How Startup Investing Really Works
A few people get together and come up with an innovative solution to a common problem. They test out their new solution, iterate a little, and find something that works and that a sizable group of people actually want to use.
Inspired, this band of innovative thinkers decide to turn that early idea into a company. But to fulfill that dream, they’ll need advice from seasoned entrepreneurs who have built successful companies before. And money.
This is where startup investors come in.
In Silicon Valley and beyond, early-stage startups can raise venture capital from VC firms and angel investors in various ways (and, in reality, they happen very differently than in the theatrical scene above).
We’re going to explore the different types of early-stage investments that give promising startups the cash flow they need to start chugging toward that IPO, and when investors are likely to encounter each investment type.
Equity investments and convertible investments are both securities, or non-tangible assets; for example, shares of stock in Apple or a government bond. (Tangible assets refer to physical investments, like diamonds or real-estate.)
There are two main ways to invest in early-stage startups:
Seed and early-stage investors often invest in startups via convertible securities, such as convertible notes and Y Combinator’s SAFE documents. Investors in later-stage startups (Series A or later) will more commonly invest in priced equity rounds.
Why do startups raise venture capital?
Venture capital is an ideal financing structure for startups that need capital to scale and will likely spend a significant amount of time in the red to build their business into an extraordinarily profitable company. Big name companies like Amazon, Facebook, and Google were once venture-backed startups.
Unlike car dealerships and airlines – companies with valuable physical assets and more predictable cash flows – startups typically have little collateral to offer against a traditional loan. Therefore, if an investor were to issue a loan to a startup, there’s no way to guarantee that the investors could recoup the amount they’ve lent out if the startup were to fail.
By raising venture capital rather than taking out a loan, startups can raise money that they are under no obligation to repay. However, the potential cost of accepting that money is higher – while traditional loans have fixed interest rates, startup equity investors are buying a percentage of the company from the founders. This means that the founders are giving investors rights to a percentage of the company profits in perpetuity, which could amount to a lot of money.
Early-stage startup investing offers potential for astronomical growth and outsized returns (relative to larger, more mature companies). This potential makes acquiring startup equity an attractive investment opportunity to prospective investors, despite the additional risk.
For the Founders, taking VC money can also come with huge benefits – startup investors can offer valuable support, guidance, and resources to new founders that can help to shape their company and increase its chances of success.
Venture Capital financing is also ideal for startups that can’t get very far by bootstrapping. Although many founders self-fund their startups while operating out of a cramped apartment until they’ve reached profitability, bootstrapping doesn’t work for companies that require a lot of capital up-front just to build and test their MVP (minimum viable product).
What is equity?
Equity essentially means ownership.
Equity represents one’s percentage of ownership interest in a given company. For startup investors, this means the percentage of the company’s shares that a startup is willing to sell to investors for a specific amount of money. As a company makes business progress, new investors are typically willing to pay a larger price per share in subsequent rounds of funding, as the startup has already demonstrated its potential for success.

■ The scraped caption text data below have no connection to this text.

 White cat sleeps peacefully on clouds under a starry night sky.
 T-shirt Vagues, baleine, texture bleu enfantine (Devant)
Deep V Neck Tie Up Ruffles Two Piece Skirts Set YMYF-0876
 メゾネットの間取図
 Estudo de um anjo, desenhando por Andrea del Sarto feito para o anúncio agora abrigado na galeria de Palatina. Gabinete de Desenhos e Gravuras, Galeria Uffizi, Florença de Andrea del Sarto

When venture capital investors invest in a startup, they are putting down capital in exchange for a portion of ownership in the company and rights to its potential future profits. By doing so, investors are forming a partnership with the startups they choose to invest in – if the company turns a profit, investors make returns proportionate to their amount of equity in the startup; if the startup fails, the investors lose the money they’ve invested.

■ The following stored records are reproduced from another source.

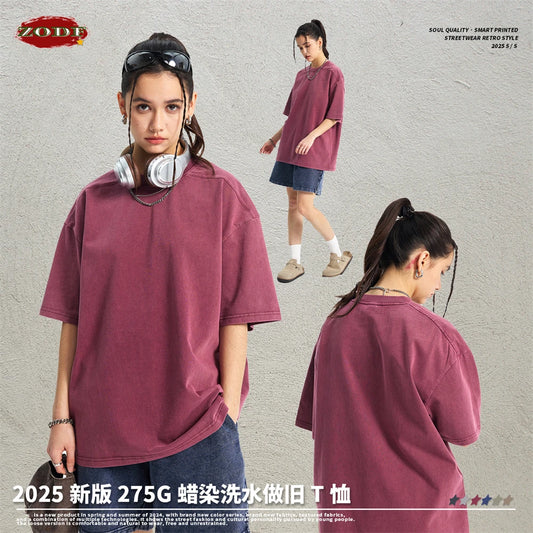 ZODF Vintage 2025 Men Batik Washed 100% Cotton T-Shirts Unisex Oversized Summer Distressed 275gsm T Shirt Brand Clothes HY1040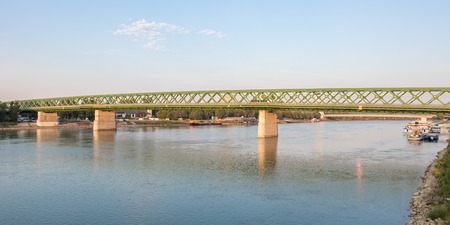 Early morning view of the Old-new Bridge in Bratislava, Slovakiaの写真素材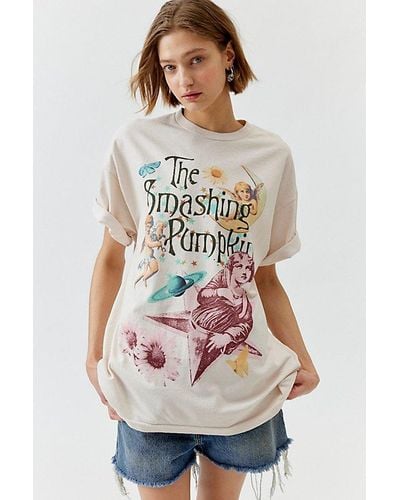 Urban Outfitters Smashing Pumpkins Collage T-Shirt Dress - Gray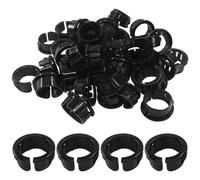 BokWin OSB-22 - Confezione da 60 boccole a scatto aperte da 2,2 cm, in plastica per cavi, in nylon nero, con chiusura a scatto, protezione per tubi flessibili e tubi elettrici, facile installazione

What is the difference between stock, shares, and equity?
The terms stock and equity are often used interchangeably. Stock is a general term that refers to an unspecified amount of ownership interest in a company. Shares represent the way that a company’s stock is divided. A company’s stock can be divided into a potentially limitless number of shares, each worth exactly the same value.
In a priced equity round, shares in the startup have a fixed price, and investors can purchase equity in the company by buying shares at the price during that round.